The device exploded on a District Line train in southwest London at around 8:20 am local time. While British authorities are treating the incident as a terrorist attack, they have not yet determined who may be responsible for the bomb or what their motives were.

A few hours after the explosion, Trump sent out a string of tweets that suggested British authorities in fact had the attackers on their radar screens. He also dispensed advice on how to stop future attacks from happening both abroad and in the US.

So there’s ... a ton to unpack here.

The first thing that stands out is what isn’t there at all: a declaration of sympathy. Typically foreign leaders consider an expression of condolences to victims of disasters and attacks to be the first order of business. Trump doesn’t.

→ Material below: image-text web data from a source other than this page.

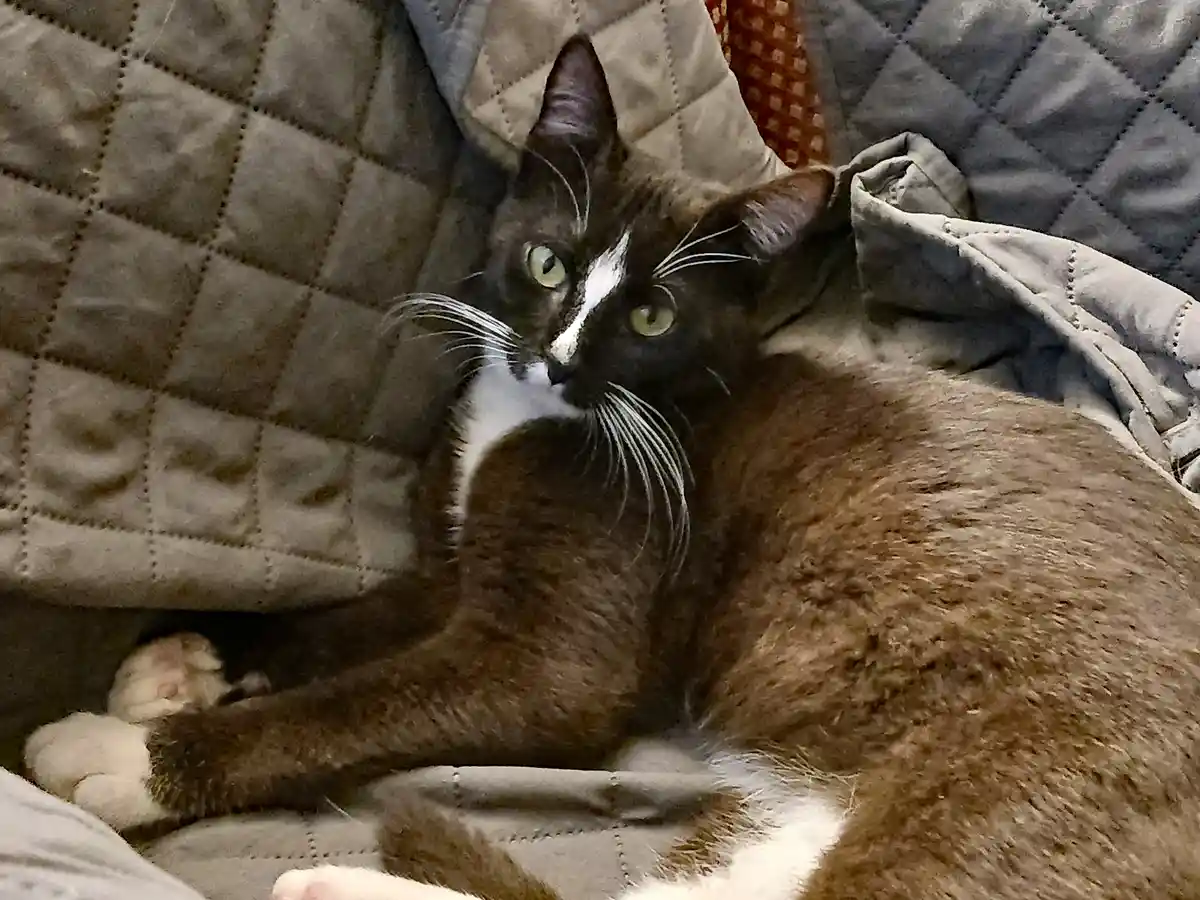 A black and white cat with green eyes lounges on a quilted gray couch, looking directly at the camera with a relaxed but…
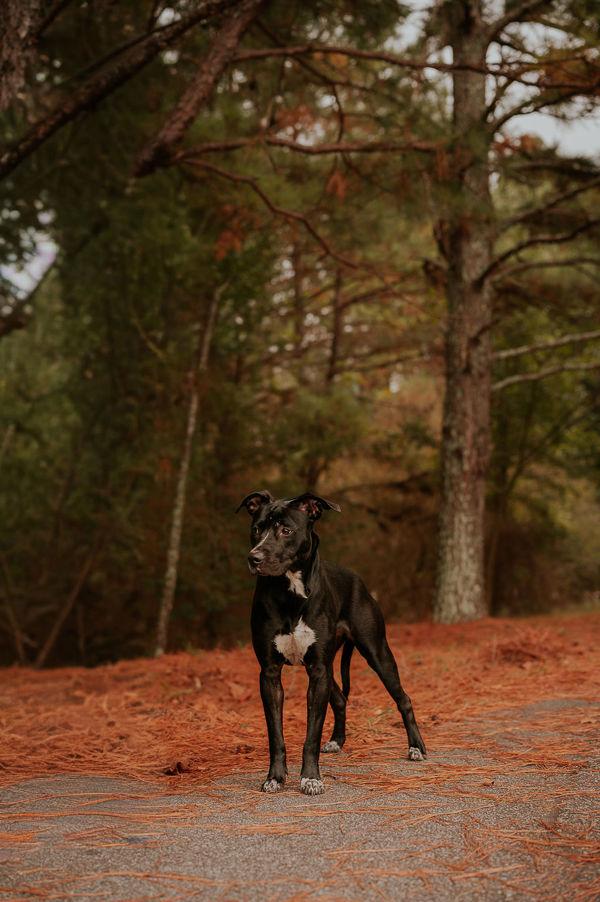 Enlarge 26-01-0059 Lori, a Adoptable mixed breed in Dallas, GA image 4/4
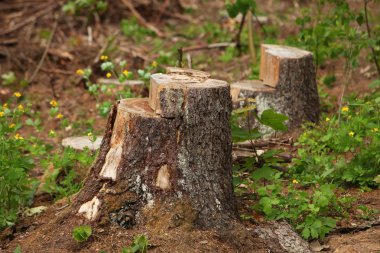 Ağaç kütüğü yakın. 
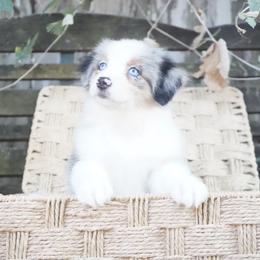 Amethyst - Blue merle female Australian Shepherd puppy in Victoria, Texas from Silvermist Australian Shepherds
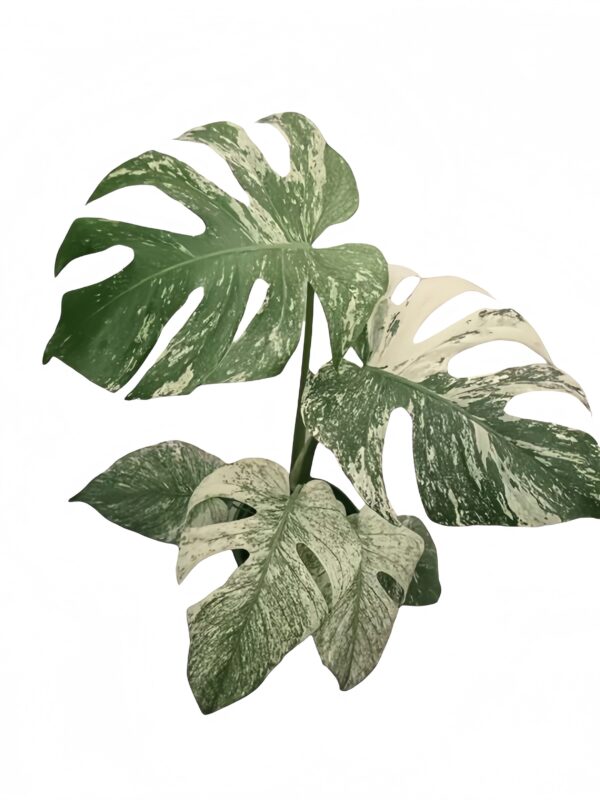 Monstera White monster - 图片 2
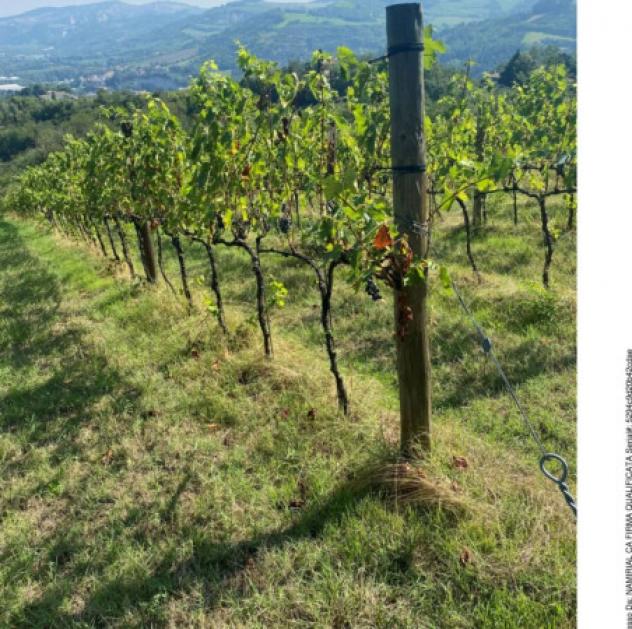 Immobile in asta di 1344 m² in vendita a Modigliana - Foto 19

He immediately says the attackers were “within the sights of Scotland Yard,” suggesting that the UK police knew who they were in advance but failed to intervene. He offers no evidence to back up the incendiary charge.

But British authorities say they don’t know who committed the attack. British Prime Minister Theresa May said in reaction to Trump’s tweets, "I never think it's helpful for anybody to speculate on what is an ongoing investigation."

And a UK police spokesperson said Trump’s commentary was "pure speculation given we don’t know who is involved" and described his conjecture as “unhelpful.”

Trump also says of the attackers that “the internet is their main recruitment tool which we must cut off and use better,” which is an incredibly vague prescription.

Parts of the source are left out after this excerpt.